Neste último, o Tribunal de Justiça clarificou a interpretação do direito de audição da criança, contido no artigo 24.º da Carta (no contexto da deslocação ilícita de crianças): o que importa é que o direito processual interno lhe dê a possibilidade de se expressar de forma livre, e que o Tribunal possa saber a sua opinião.
Para maiores desenvolvimentos, Chandra Gracias in, A deslocação e a retenção ilícitas à luz da Convenção da Haia de 1980 e do Regulamento Bruxelas II bis, e a sua conformação jurisprudencial, Revista do Ministério Público, n.º 168, pp. 219 a 254.

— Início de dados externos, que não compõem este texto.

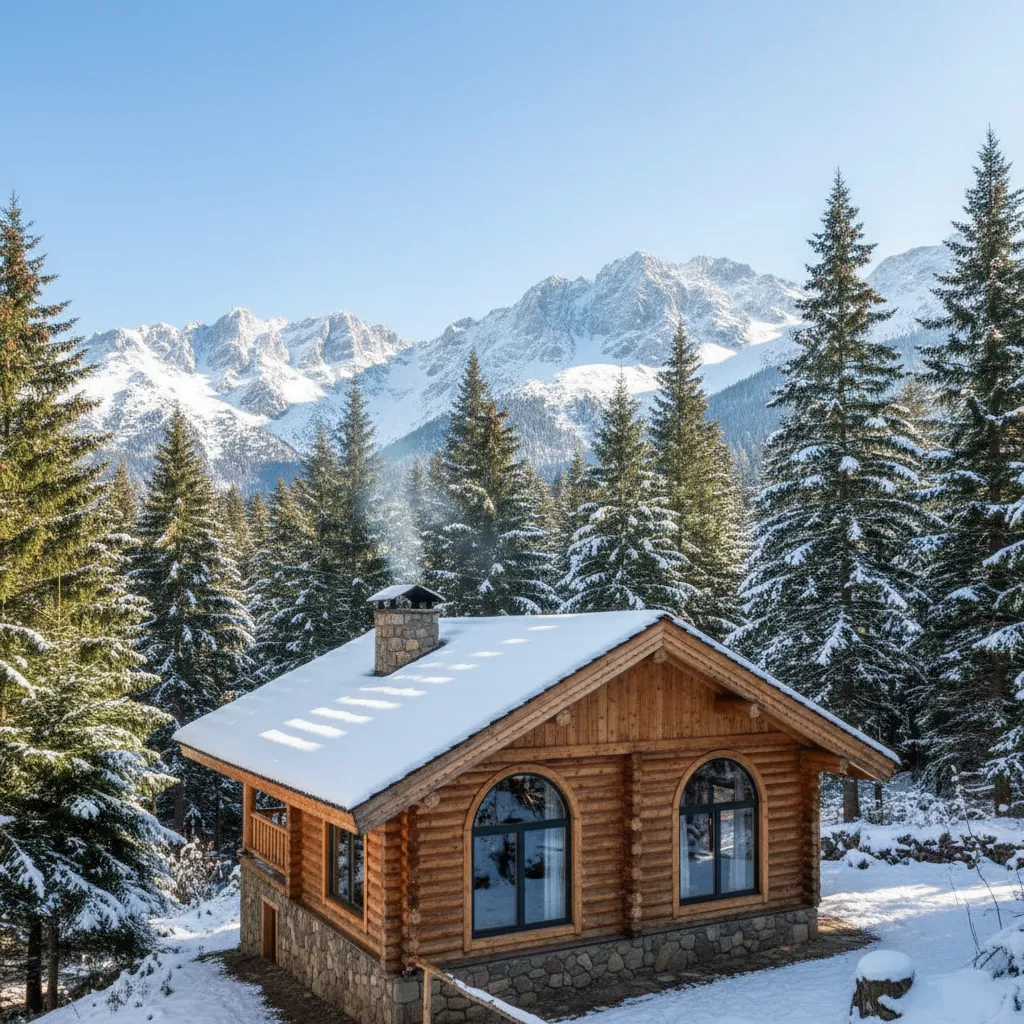 Chalet montagne au pied du Djurdjura — Tikjda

[23] Cf. art. 5.º, in fine, do Protocolo n.º 7 à Convenção Europeia dos Direitos Humanos, e Princípios 8.º da Recomendação R (84) 4, e de Direito Europeu da Família relativos às Responsabilidades Parentais 3:25 a 3:28.
De harmonia, o Princípio 6.º da indicada Declaração, que «[…] Na medida do possível, deverá crescer com os cuidados e sob a responsabilidade dos seus pais …».